Primo, che un partito possa vincere anche perché una parte dell’elettorato altrui decida di votarlo è cosa così normale da rasentare la banalità, e non si capisce perché un candidato non debba appunto appellarsi agli “elettori hanno sbagliato” (per così dire) senza che questo provochi un dibattito pallosissimo e infinito.
Secondo, ogni tanto occorre che qualcuno si assuma le proprie responsabilità.
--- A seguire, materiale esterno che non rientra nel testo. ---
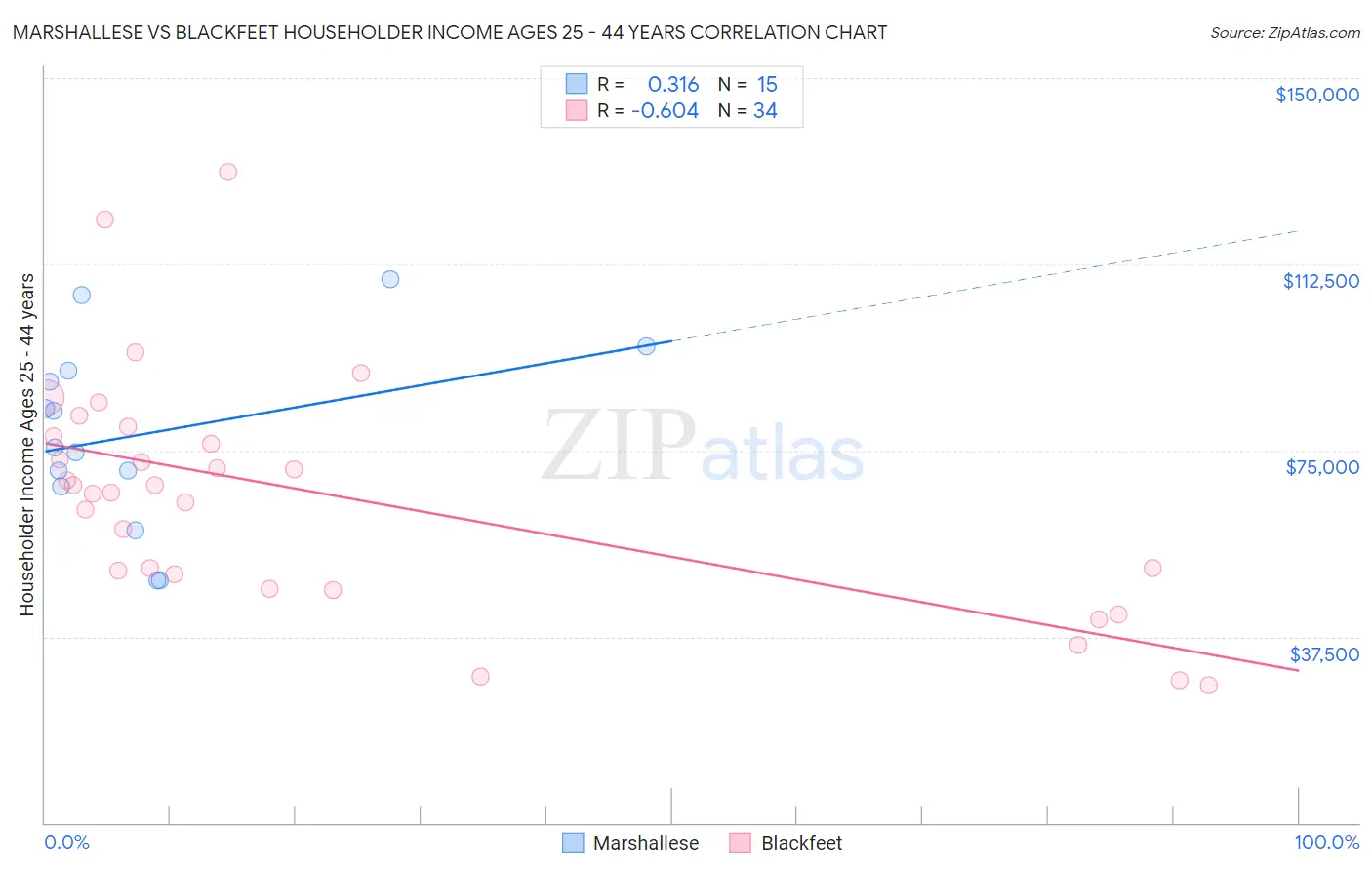 Marshallese vs Blackfeet Householder Income Ages 25 - 44 years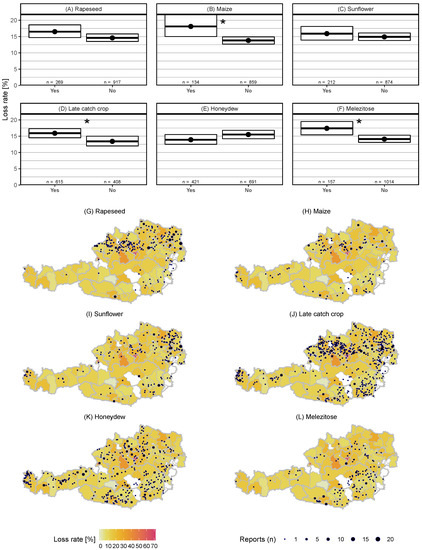 Diversity 12 00099 g0a1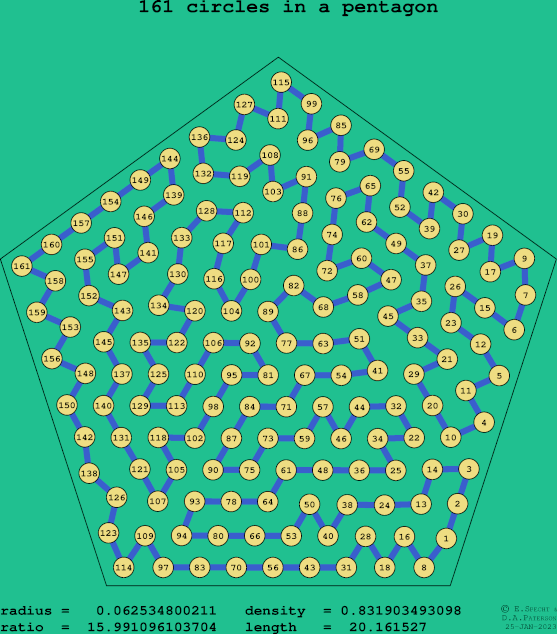 161 circles in a regular pentagon
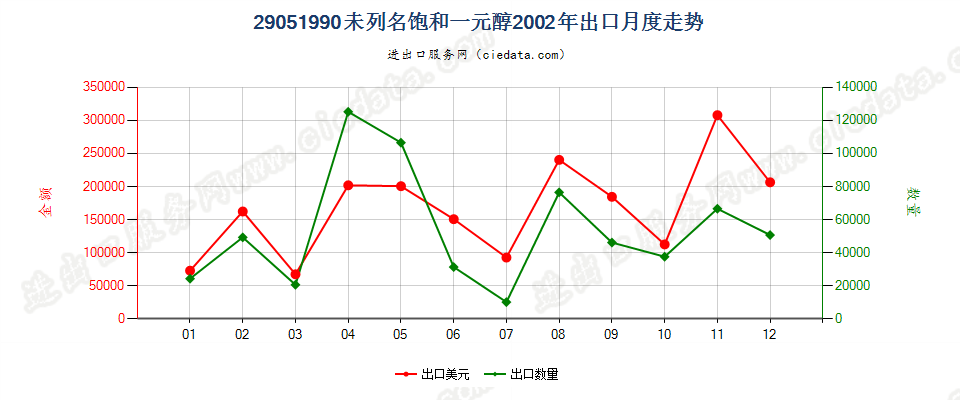 29051990未列名饱和一元醇出口2002年月度走势图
Se il voto è libero e segreto, non si può pensare che andare a votare per le primarie di un partito sia un gesto totalmente anonimo, proprio perché si decide di partecipare a una decisione di una parte, non di votare per una istituzione.
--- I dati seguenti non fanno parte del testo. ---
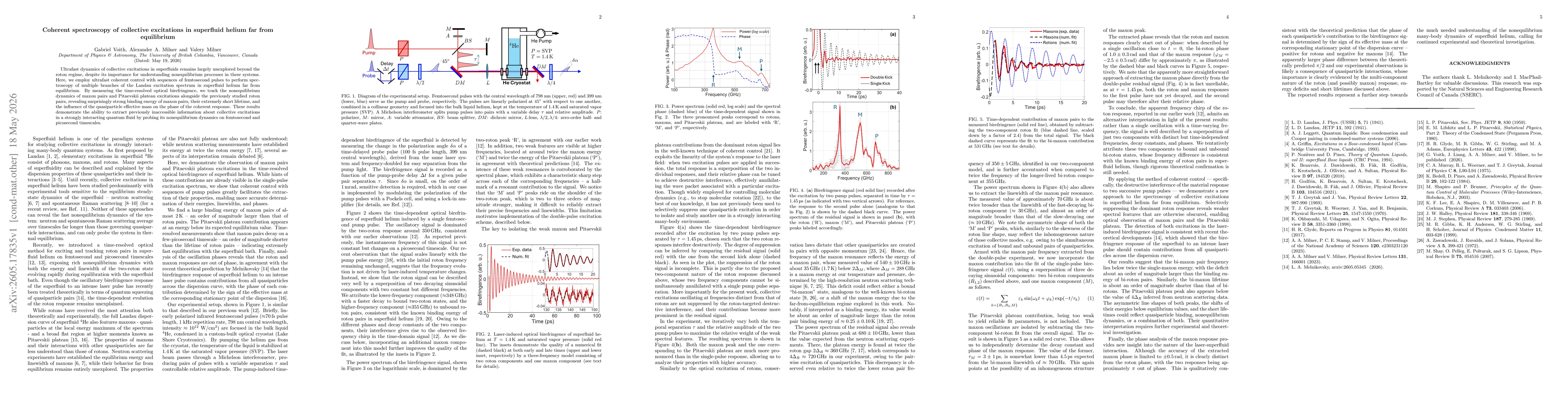 Thumbnail for Coherent spectroscopy of collective excitations in superfluid helium far from equilibrium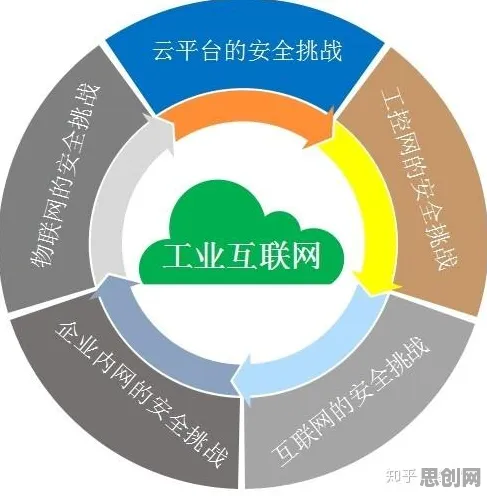 重新认识工业互联网平台，网络安全视角下的深度解读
Quindi è normale chiedere a un aspirante elettore i propri dati, e anche mettere questi dati in un registro pubblico (nei paesi dove le primarie sono codificate esiste spesso anche un registro degli elettori a cui iscriversi prima del voto).
Il che poi ovviamente non esclude ripensamenti né il voto alle elezioni per un altro partito, comunque.
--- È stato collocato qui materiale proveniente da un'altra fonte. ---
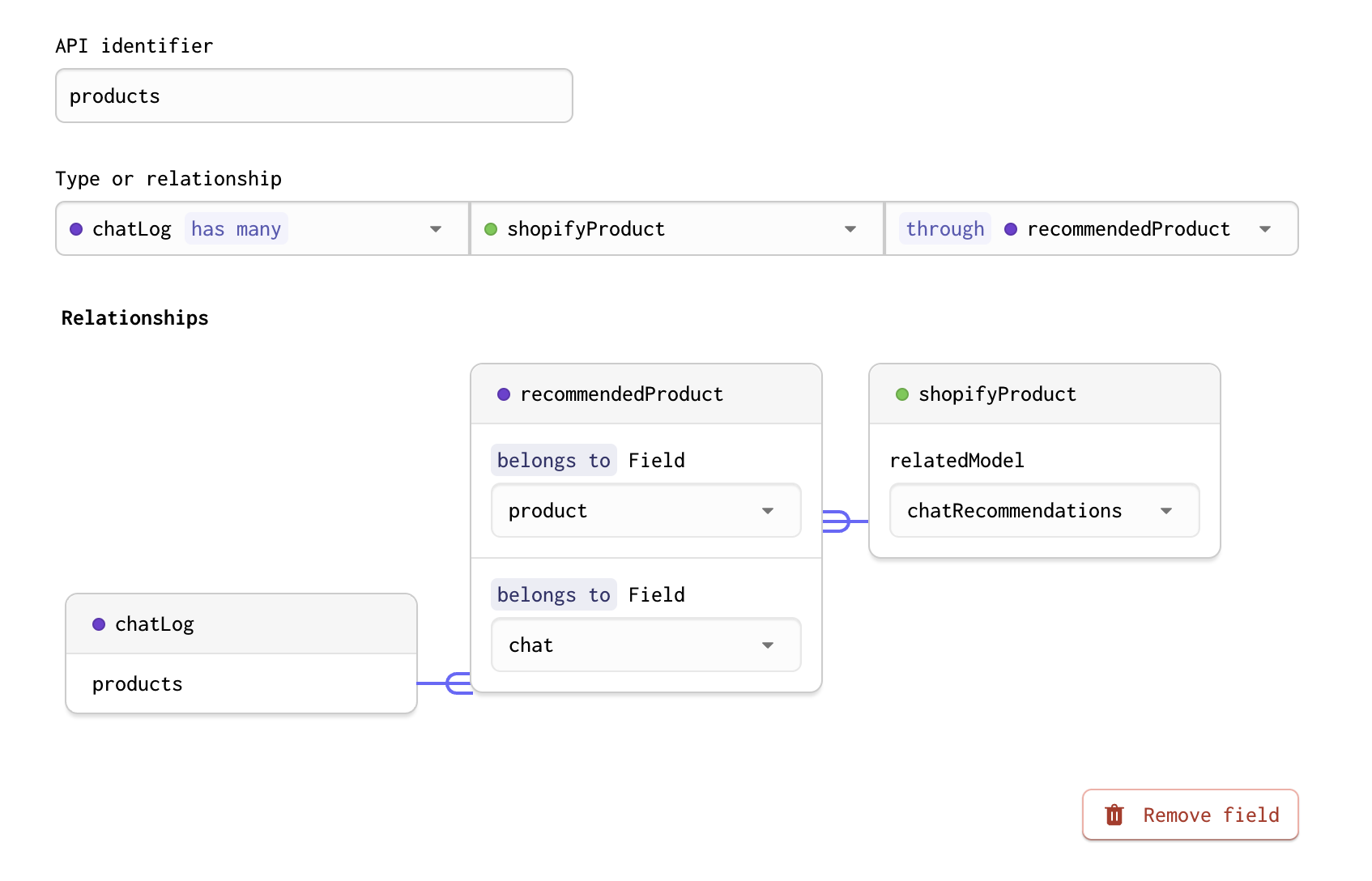 A screenshot of the has many through relationship defined between the chatlog and shopifyProduct models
Terzo, il vero casino a cui il Pd dovrebbe mettere mano è quello del voto per le cariche di partito, che invece dovrebbe essere lasciato solo a chi è iscritto.
Non si capisce altrimenti per quale motivo un militante di partito abbia paradossalmente meno diritti di un simpatizzante o comunque di una persone non iscritta, che può anche stare in panciolle tutto l’anno e poi però contribuisce a decidere chi è che dà la linea al partito.
Il simpatizzante può invece giustamente andare a votare alle primarie per i vari candidati del partito – o della coalizione – nelle istituzioni.